Neuf cent quatre vingt onze vers, tel est l’étendu de ‘’La Malâba الملعبة’’, un poème de grande envergure écrit en darija marocain par Feu Abou Abdillah lakfif Zerhouni, lakfif signifiant le non voyant en dialecte marocain.
Dire que la Malâba a marqué le début d’une poésie dialectale marocaine, est une vérité incontestable. C’est le plus ancien poème dialectal qui a nourri et enrichi dès les débuts du 14ème siècle (1324) les littératures et les langues dialectales maghrébines d’un certain nombre de mots, de tournures, de formes et de proverbes. Il continue malgré les rides du temps et toute cette distance temporelle, à être vivant dans le quotidien des peuples marocain et maghrébin.
La Malâba fut donc écrite par un poète non non voyant du temps des mérinides. Il y décrit avec précision et raffinement les détails d’une ‘’harka حركة’’, une bataille menée par le roi Abou Hassan Almarini pour unir le nord de l’Afrique après l’écroulement de l’empire des Almohades. En lisant cette œuvre extraordinaire qui date du XIVᵉ siècle, on ne peut que s’incliner devant la splendeur de ce poète non voyant à la plume précise, narratrice, descriptive et conteuse d’une époque à grande portée dans la mémoire du Maroc.

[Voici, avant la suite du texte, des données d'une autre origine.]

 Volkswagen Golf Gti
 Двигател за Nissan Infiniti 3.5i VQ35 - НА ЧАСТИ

La Malâba, ce document aux dimensions littéraire, historique, artistique et poétique, fut d’abord mentionnée par Ibnou khaldoun dans son livre ‘’Al Ibar ‘’ (العبر) et aussi par Ibnou marzouk dans ‘’Al Masnad’’, et ce n’est que des siècles après qu’il surgira grâce à la minutieuse présentation et correction faite par le Professeur Mohamed Ben Chrifa dans son livre ‘’La Malâba du Kfif Zerhouni’’ paru en 1987. Ce natif de Zerhoun (région de Meknès), décédé en 1347, a joué un rôle crucial dans l’acclimatation de la langue dialectale au sein du paysage poétique marocain. Il a su donner de façon splendide un charme unique au dialecte marocain qu’il a présenté d’une façon plus touchante et plus captivante. Plus qu’une expression de poésie dialectale, son poème véhicule une innovation littéraire et une sagesse perpétuées à travers les siècles.

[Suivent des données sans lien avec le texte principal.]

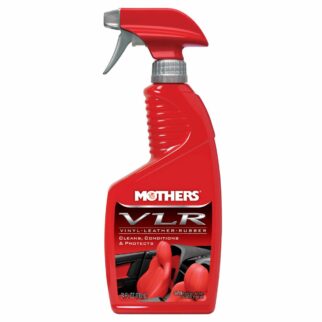 MOTHERS Vinyl Leather Rubber Care 680ml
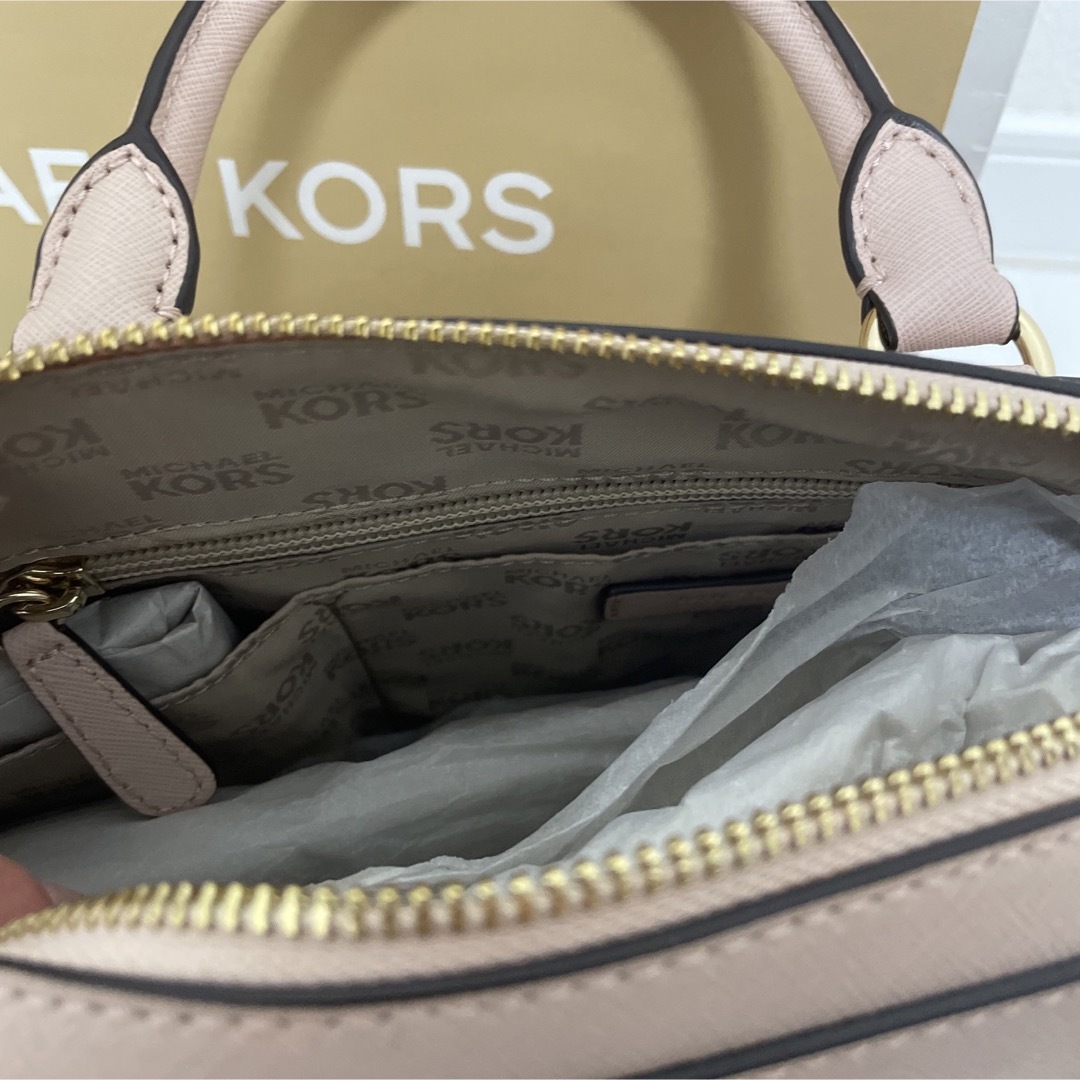 Michael Kors(マイケルコース)のMICHAEL KORS ショルダーバッグ 斜めがけ 2way ハンドバッグ レディースのバッグ(ハンドバッグ)の商品写真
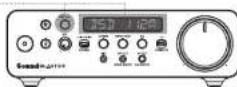 CREATIVE Sound Blaster X5 - LED Displej - 3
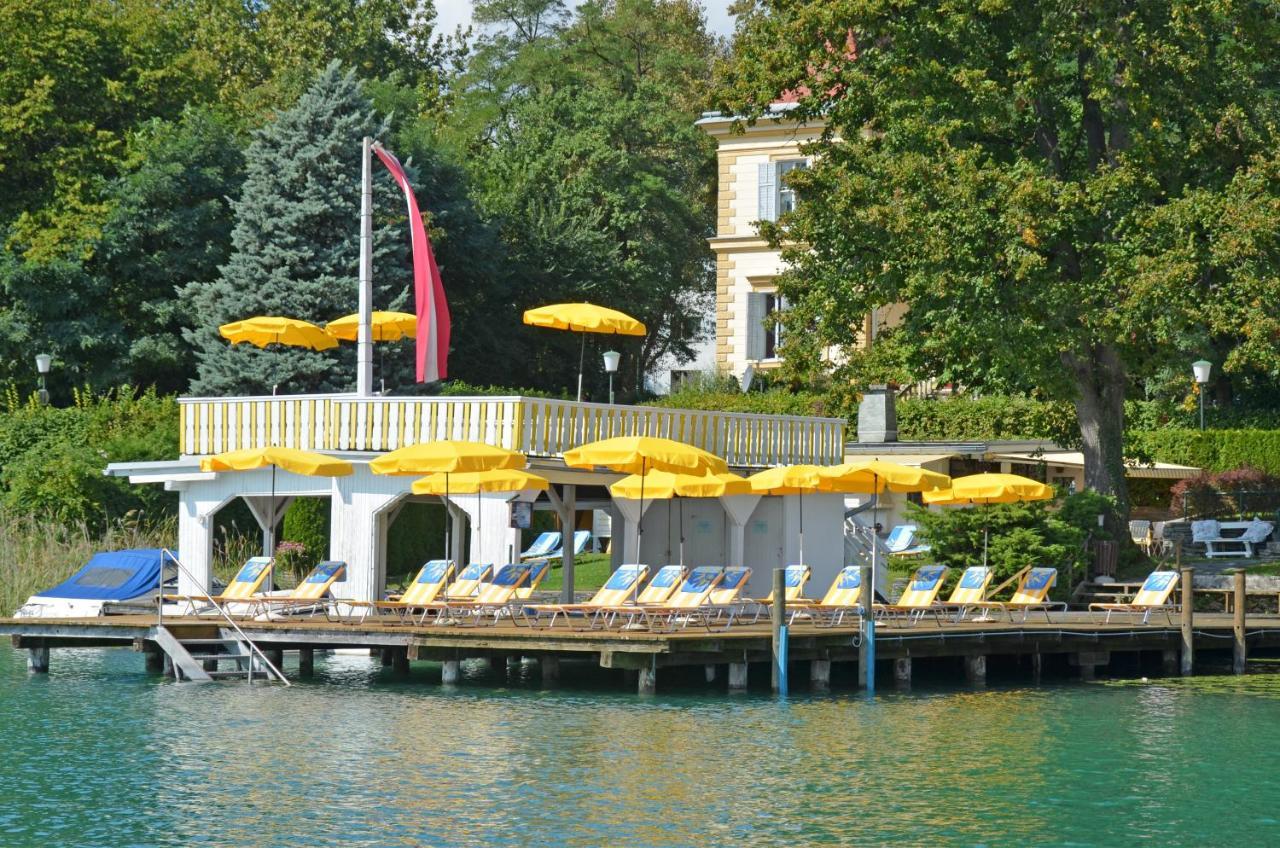 Dermuth Hotels - Hotel Sonnengrund Portschach am Woerthersee Exterior photo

Il illustre aussi d’un ton poétique très fort les modes de vie de la société marocaine de l’époque avec ses multiples caractéristiques. C’est donc la Malâba qui a été enregistrée la première et préservée contre tout oubli et négligence, comme en témoignent de nombreux documents historiques. Une poésie instinctive qui récite les événements de la ‘’harka’’ avec un souci de détails impressionnant et une langue plus proche de l’esprit et de l’âme. Elle serait précédée après par de merveilleuses poésies marocaines où l’image, le rythme, la métaphore et la rime se mêleraient au raffinement du mot subtil, profond, soutenu et bien recherché qui fut le Zajal marocain.

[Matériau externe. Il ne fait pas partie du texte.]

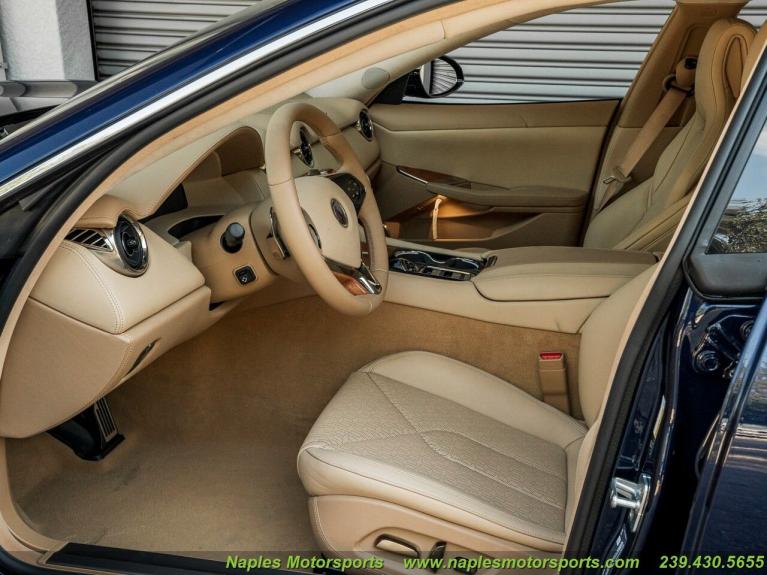 New 2020 Karma Revero for sale Sold at Naples Motorsports Inc - Morgan of Naples in Naples FL 34104 4
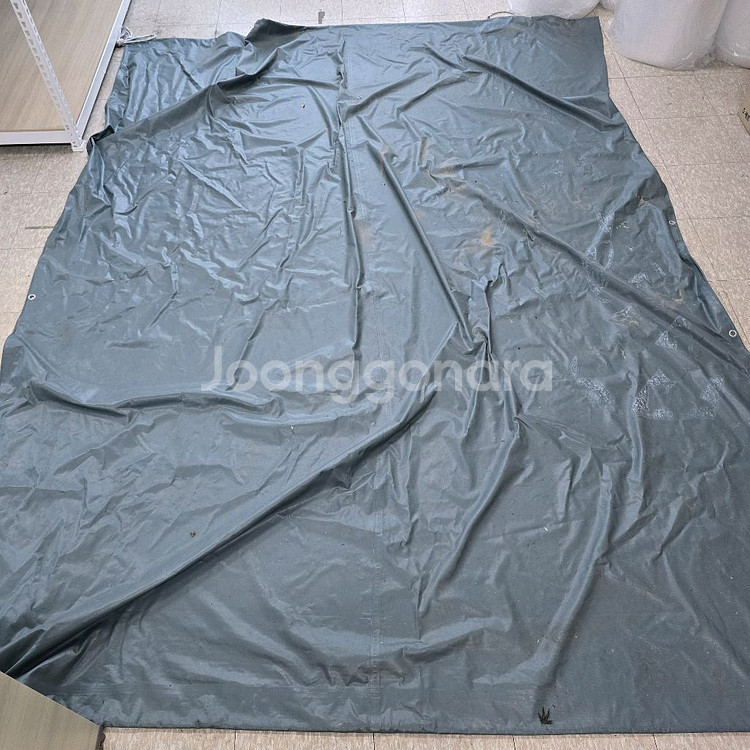 화물차 방수덮개 차호로 3m x 2.3m--0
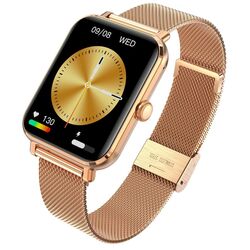 Ceas inteligent Garett Electronics GRC Classic (Gold)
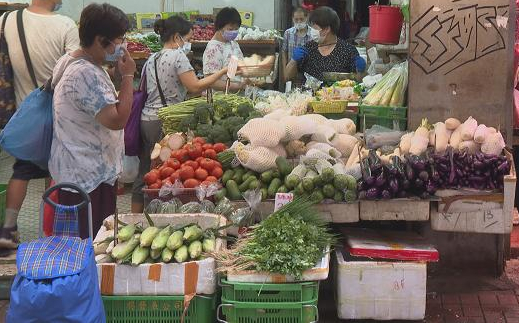 食安中心：1月份食物整體合格率99.8%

Ce mot Zajal nous transférera peu de temps après vers l’un des piliers de l’histoire et du patrimoine artistiques marocains, qui est le Malhoun, un art à part où le verbe atteint le summum de l’excellence et où de nouveaux outils s’assortissent merveilleusement avec le mot à travers la cadence, la musicalité et le Inchad, chant fabuleux des maîtres de ce genre artistique authentique et combien sophistiqué.